When you copy from the entries that follow, take only the lines from the one with "Instruction register is" down to the one with "Let's walk through", keeping both ends and dropping every picture.

----- Provided entries -----

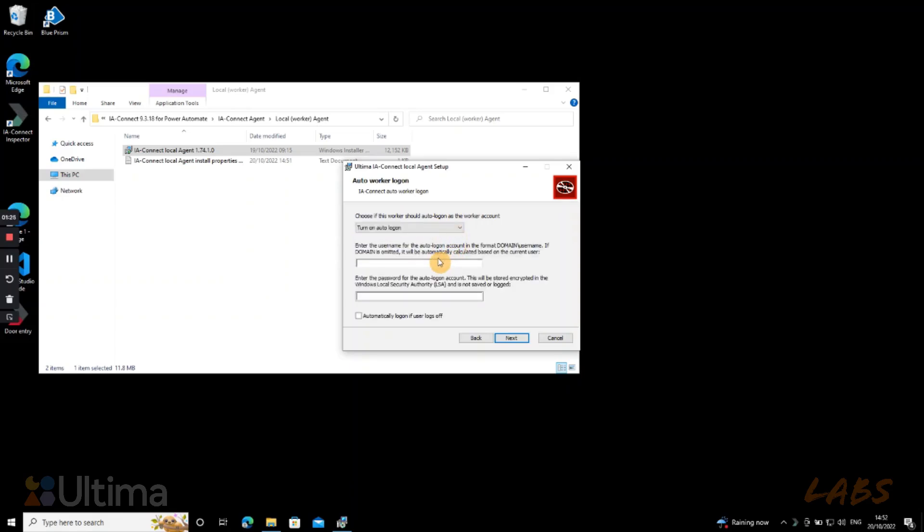Now here it gives you the option to select auto log on, which we highly recommend to turn on, specifically if it is a production worker you're setting up. You will have to fill in username and password with the account info you will be using to log in as the worker for your automation. So here I'm filling in my own account name and password.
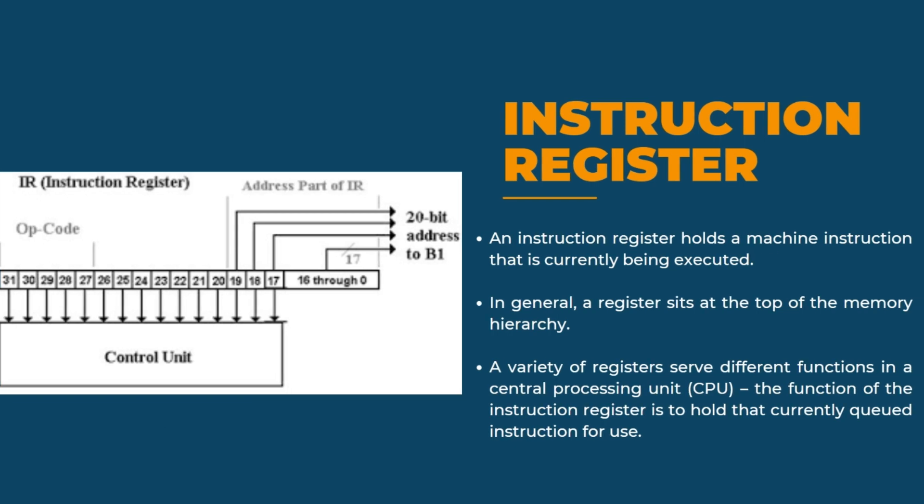Instruction register is the part of CPU control unit that holds the instruction currently being executed or decoded. Some complicated processors use a pipeline of instruction registers where each stage of pipeline does a part of decoding, preparation or execution and then passes into the next stage for the steps.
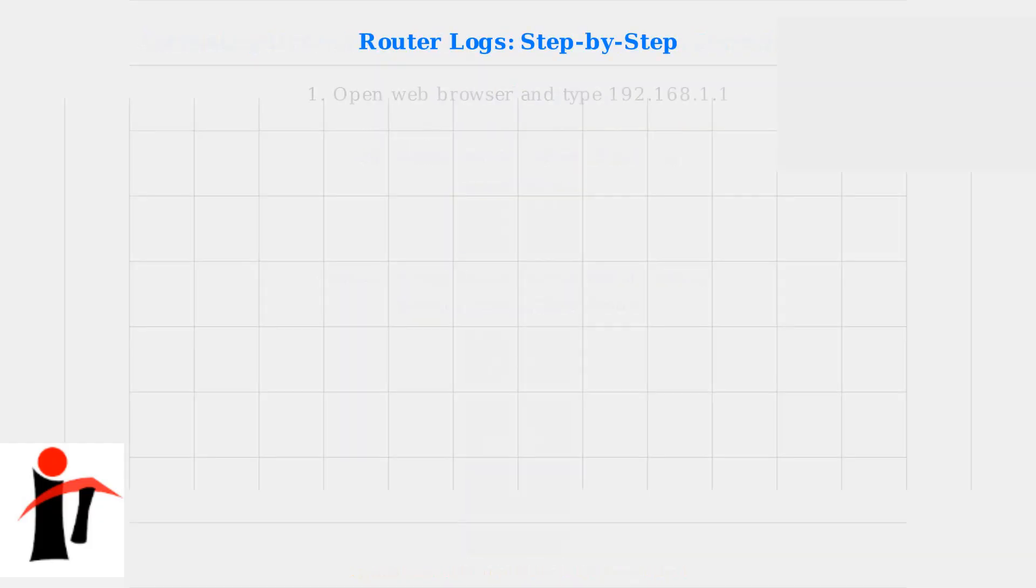Let's walk through the process for accessing router logs. First, open a web browser and type 192.168.1.1 into the address bar.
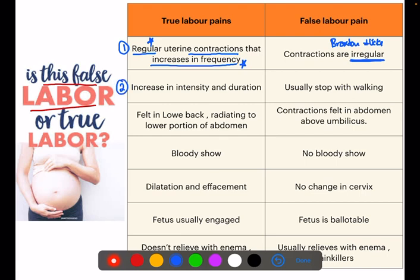Second: true labor pains increase in intensity and duration — contractions are regular, rhythmic, and progressive. But false labor pains usually stop with walking. True labor pains do not stop with walking. Third: true labor pains occur in the lower back radiating to the lower portion of the abdomen. But false labor pain contractions are felt in the abdomen above the umbilicus.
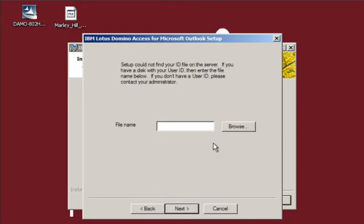Then you'll need to specify your ID. For the example, we place the ID file on the desktop. Typically, you'll find the ID file in Program Files, IBM, Lotus, Notes, Data.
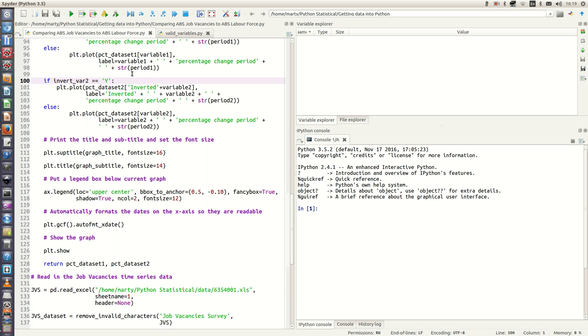Hello, this is part three of analyzing two time series using Python pandas. In the previous part of this video I went through this function I wrote that plotted two time series on the same graph.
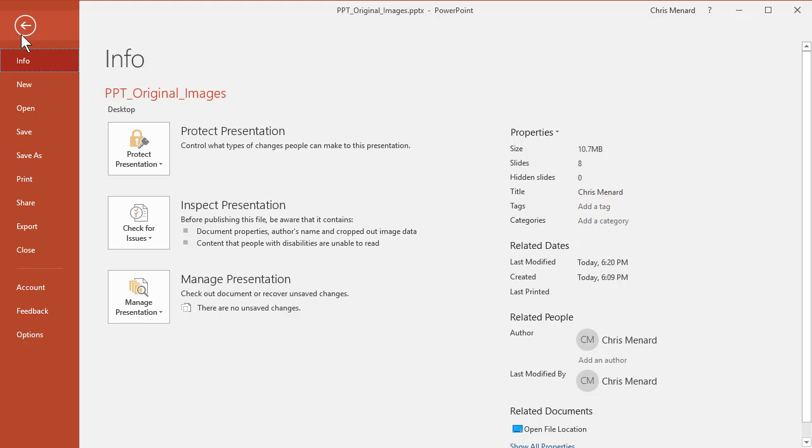If I click the word File, if you notice, this presentation is 11 Meg, which is a lot for eight slides.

-----

Solution:
Instruction register is the part of CPU control unit that holds the instruction currently being executed or decoded. Some complicated processors use a pipeline of instruction registers where each stage of pipeline does a part of decoding, preparation or execution and then passes into the next stage for the steps.
Let's walk through the process for accessing router logs. First, open a web browser and type 192.168.1.1 into the address bar.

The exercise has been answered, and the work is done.